[Image-text web data]
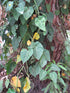 4" Philodendron Cordatum plant photo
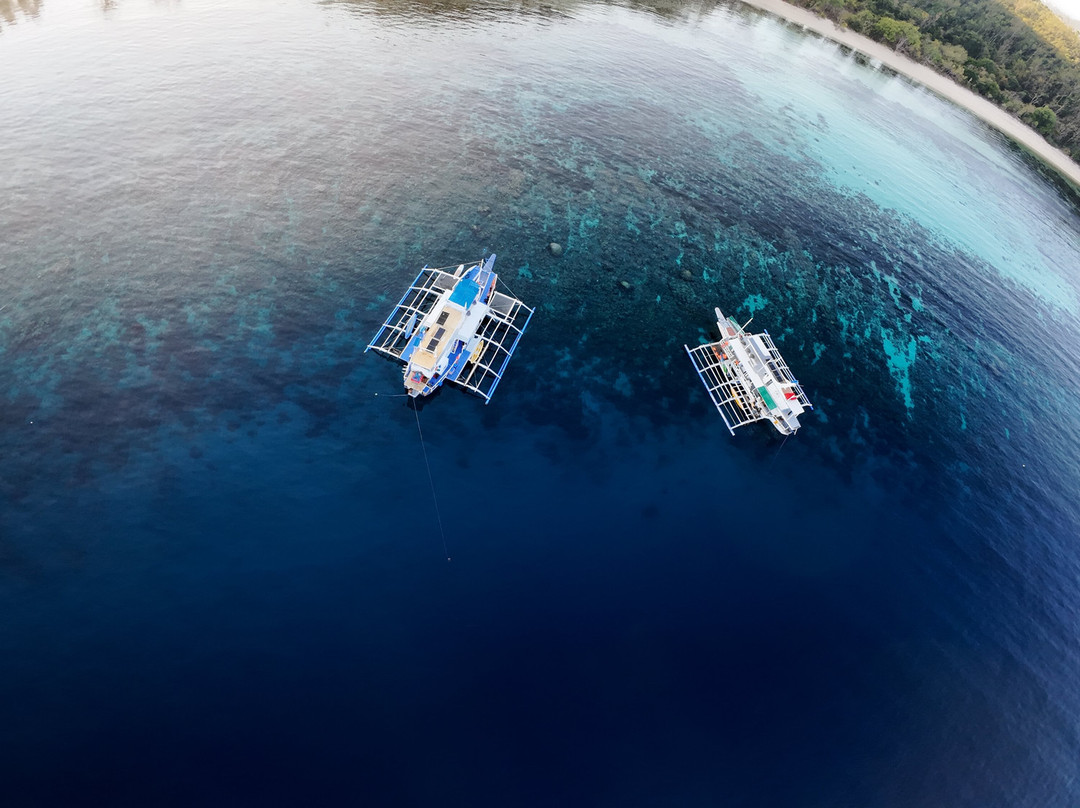 Big Dream Boatman-科隆必去景点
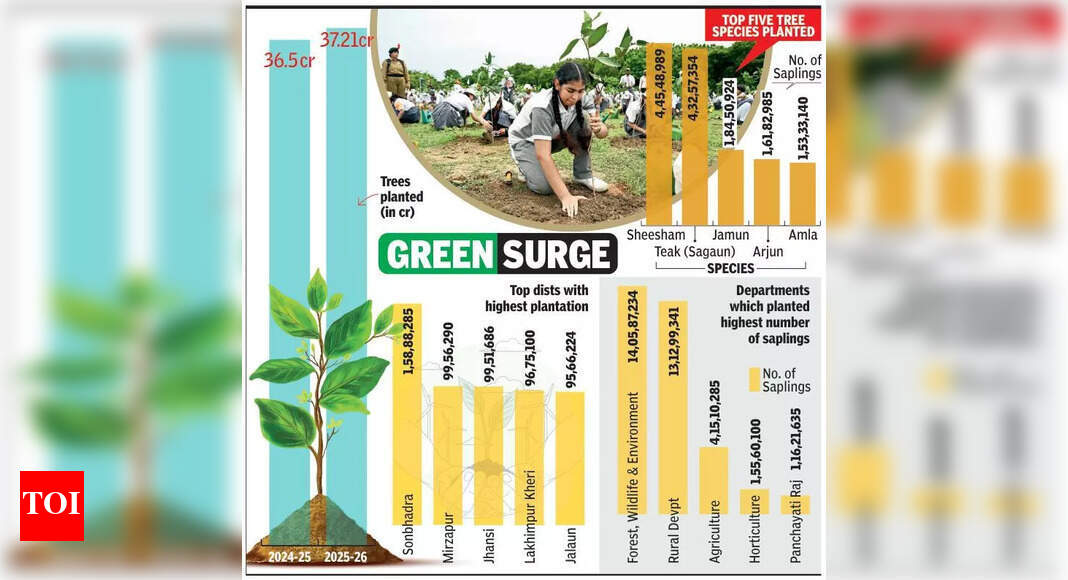 The Times of India - Politics - News Image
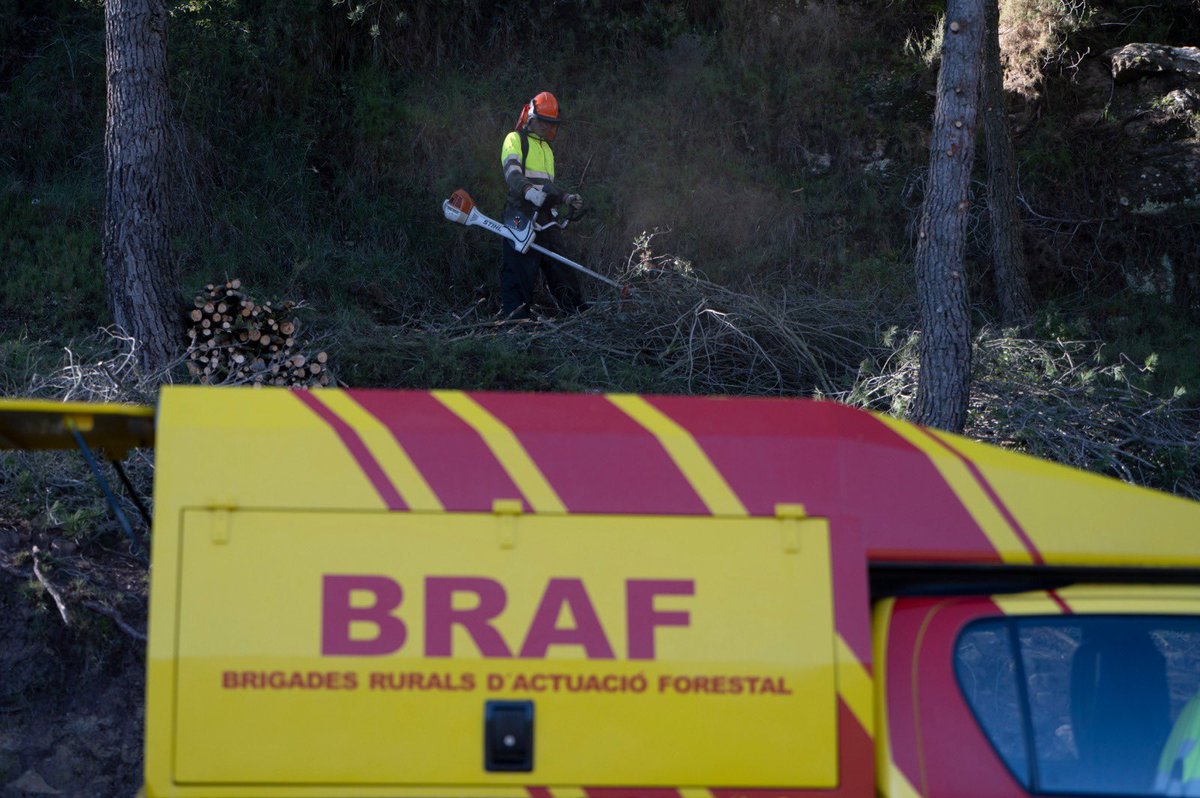 🔴🌲 La millor manera de lluitar contra els incendis és previndre’ls.

Fa un any vam impulsar des de la Diputació de Castelló les Brigades Rurals d’Actuació Forestal (BRAF), amb presència en 4 punts de la província. Hui la seua tasca ja es nota en molts municipis i en les seues
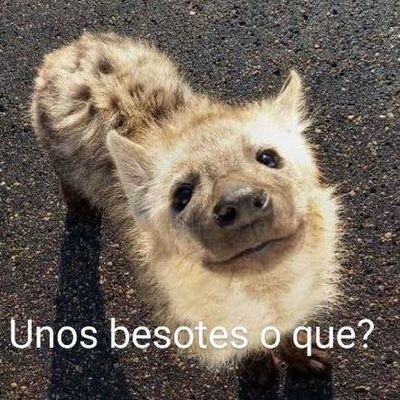 Hola soy Tobias, está es mi cuenta 🔞,no menores,publicaré mis fotos aquí y uno que otro dibujo.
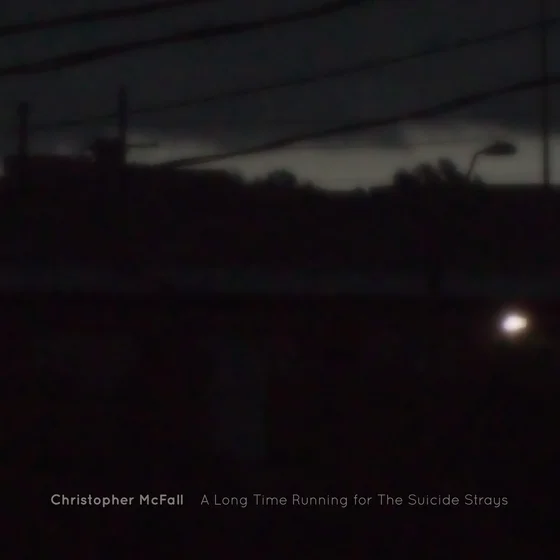 Cover art for A Long Time Running for The Suicide Strays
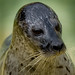 Gary Seals Photo 24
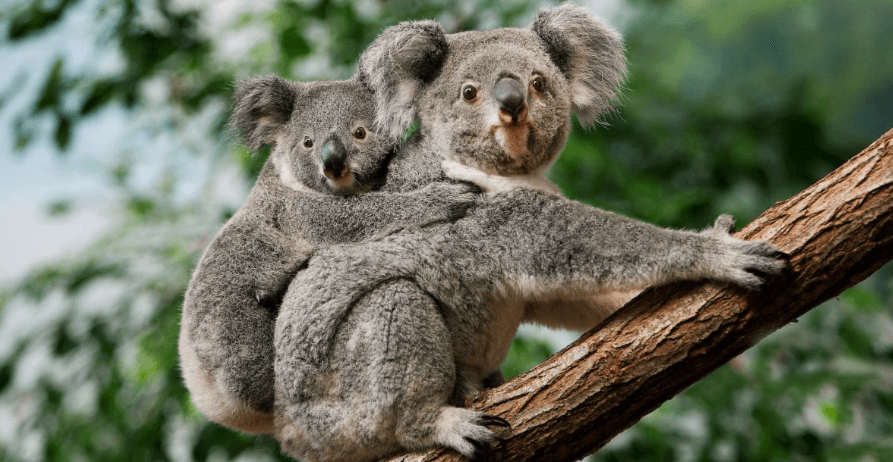 Cute:2jy-Yygjsti= Koalas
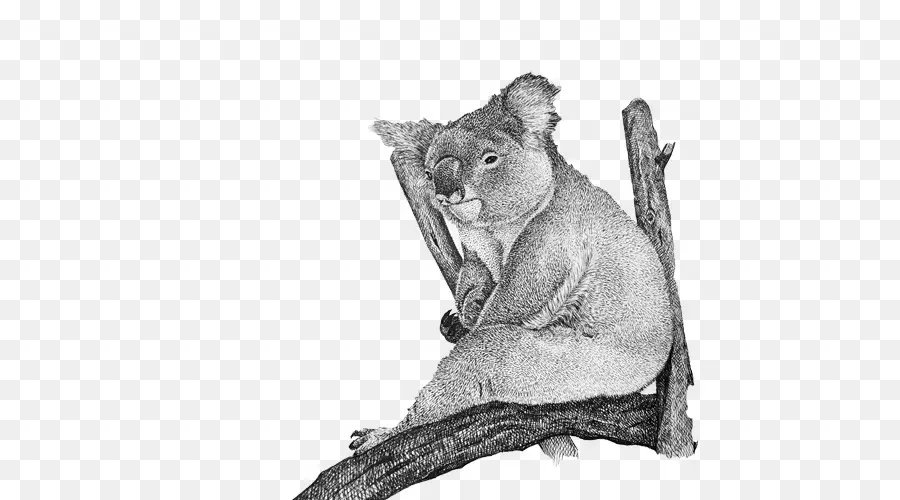 Koala，Pohon PNG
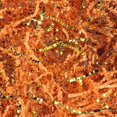 thumbnail image 1 of Relleno de papel rallado ondulado TANMWZK 227 g Naranja Claro y Dorado, 1 of 6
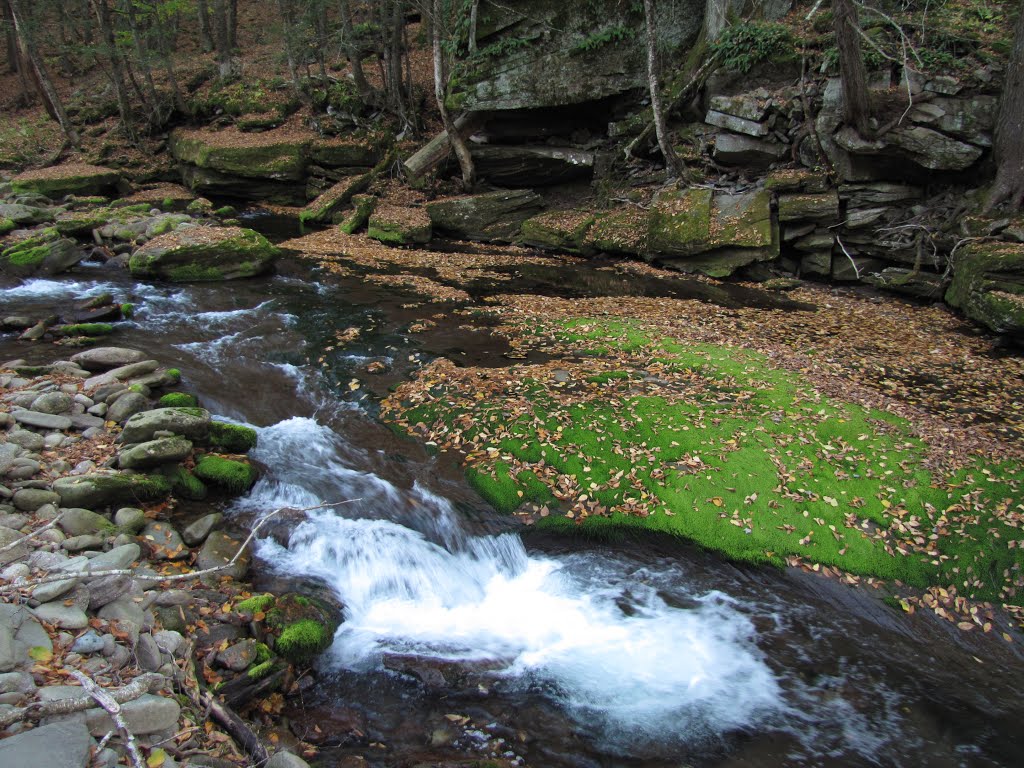 Rondout Creek Waterfall (~3') by Chris Sanfino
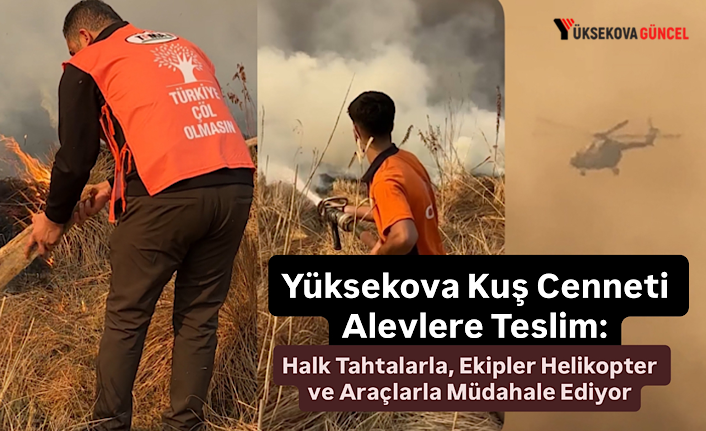 Yüksekova Kuş Cenneti Alevlere Teslim: Halk Tahtalarla, Ekipler Helikopter ve Araçlarla Müdahale Ediyor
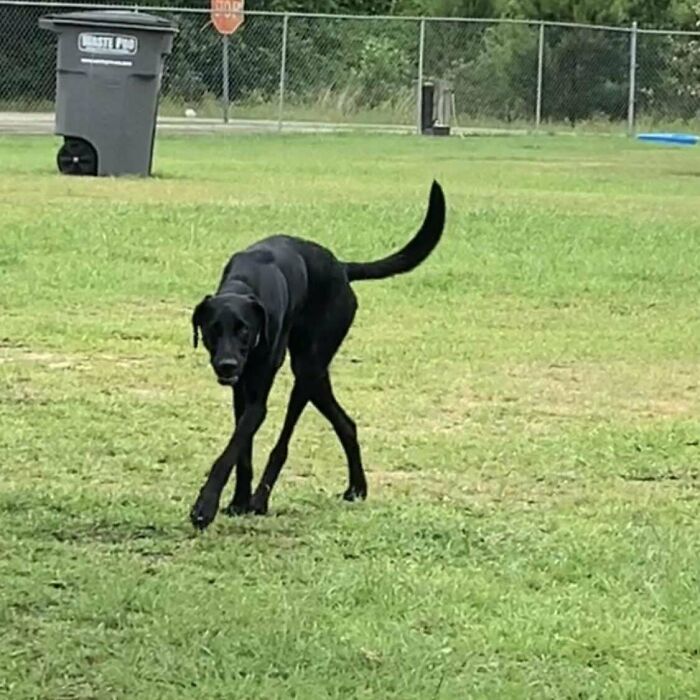 Cryptid dog captured mid-stride in a grassy park, resembling a mythical creature with an elongated body and tail.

# [Try it]
Please set down the records exactly, and keep every image out of the copy.

# [Written answer]
 4" Philodendron Cordatum plant photo
 Big Dream Boatman-科隆必去景点
 The Times of India - Politics - News Image
 🔴🌲 La millor manera de lluitar contra els incendis és previndre’ls.

Fa un any vam impulsar des de la Diputació de Castelló les Brigades Rurals d’Actuació Forestal (BRAF), amb presència en 4 punts de la província. Hui la seua tasca ja es nota en molts municipis i en les seues
 Hola soy Tobias, está es mi cuenta 🔞,no menores,publicaré mis fotos aquí y uno que otro dibujo.
 Cover art for A Long Time Running for The Suicide Strays
 Gary Seals Photo 24
 Cute:2jy-Yygjsti= Koalas
 Koala，Pohon PNG
 thumbnail image 1 of Relleno de papel rallado ondulado TANMWZK 227 g Naranja Claro y Dorado, 1 of 6
 Rondout Creek Waterfall (~3') by Chris Sanfino
 Yüksekova Kuş Cenneti Alevlere Teslim: Halk Tahtalarla, Ekipler Helikopter ve Araçlarla Müdahale Ediyor
 Cryptid dog captured mid-stride in a grassy park, resembling a mythical creature with an elongated body and tail.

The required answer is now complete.